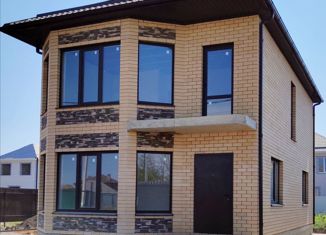 Продажа дома, 130 м2, Краснодар, 2-й Лоцманский проезд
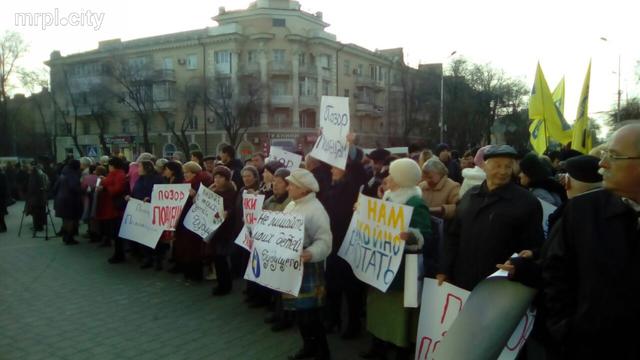 Мариупольские промышленники обратились к руководителям государства с призывом вмешаться в ситуацию с блокадой на Донбассе 01 Мариупольские промышленники обратились к руководителям государства с призывом вмешаться в ситуацию с блокадой на Донбассе 01
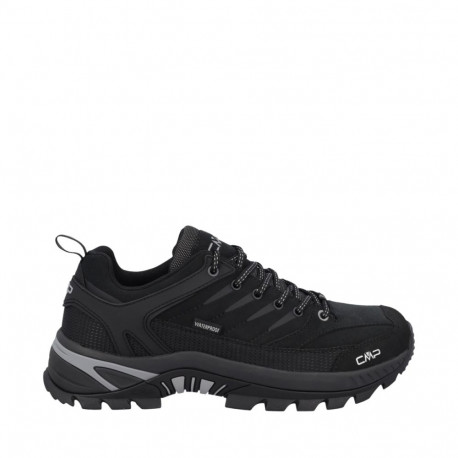 Buty trekkingowe męskie CMP Rigel 2.0 Low 3Q18247 14UV 45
-=-=-
-- ACTIVITY --
An image-free, exact version of the listing above is required.

-- FINISHED TASK --
 Продажа дома, 130 м2, Краснодар, 2-й Лоцманский проезд
 Мариупольские промышленники обратились к руководителям государства с призывом вмешаться в ситуацию с блокадой на Донбассе 01 Мариупольские промышленники обратились к руководителям государства с призывом вмешаться в ситуацию с блокадой на Донбассе 01
 Buty trekkingowe męskie CMP Rigel 2.0 Low 3Q18247 14UV 45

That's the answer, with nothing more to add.